_WHAT YOU HAVE TO DO_. Return the data exactly, with all pictures removed.
┌──
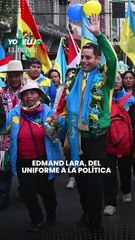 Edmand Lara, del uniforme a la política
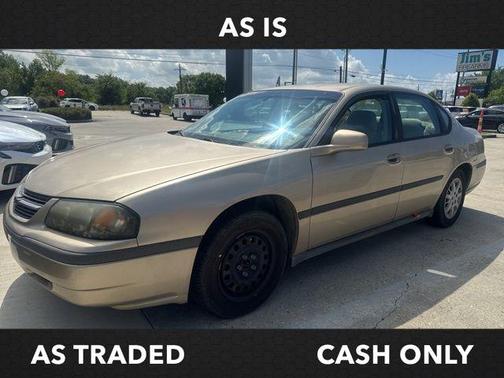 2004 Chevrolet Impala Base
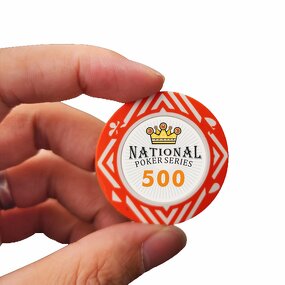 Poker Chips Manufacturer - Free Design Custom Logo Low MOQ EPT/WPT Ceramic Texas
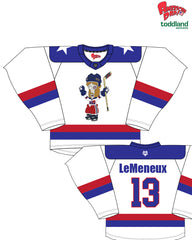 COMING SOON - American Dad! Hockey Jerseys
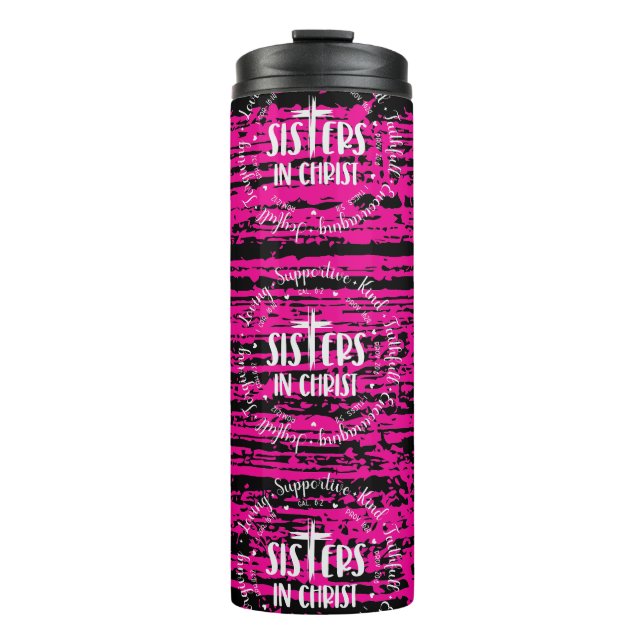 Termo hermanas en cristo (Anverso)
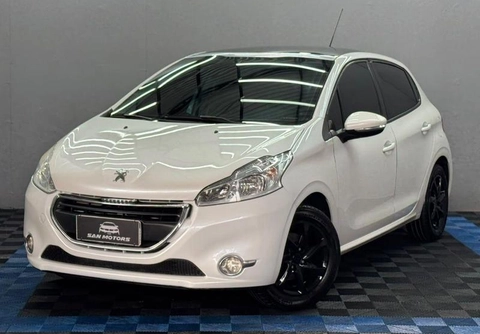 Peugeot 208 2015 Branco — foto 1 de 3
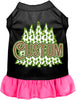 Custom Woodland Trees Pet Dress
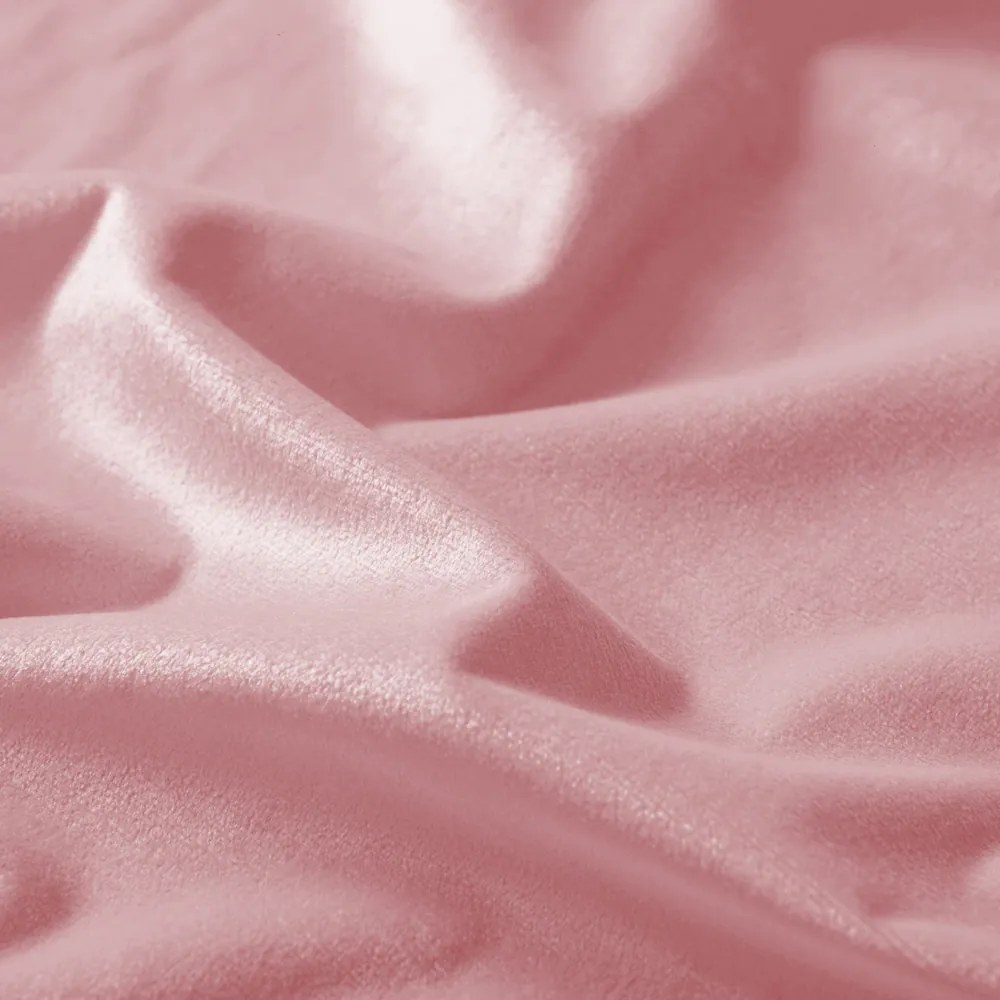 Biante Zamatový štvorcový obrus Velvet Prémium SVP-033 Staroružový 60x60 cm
└──
_WRITTEN SOLUTION_.
 Edmand Lara, del uniforme a la política
 2004 Chevrolet Impala Base
 Poker Chips Manufacturer - Free Design Custom Logo Low MOQ EPT/WPT Ceramic Texas
 COMING SOON - American Dad! Hockey Jerseys
 Termo hermanas en cristo (Anverso)
 Peugeot 208 2015 Branco — foto 1 de 3
 Custom Woodland Trees Pet Dress
 Biante Zamatový štvorcový obrus Velvet Prémium SVP-033 Staroružový 60x60 cm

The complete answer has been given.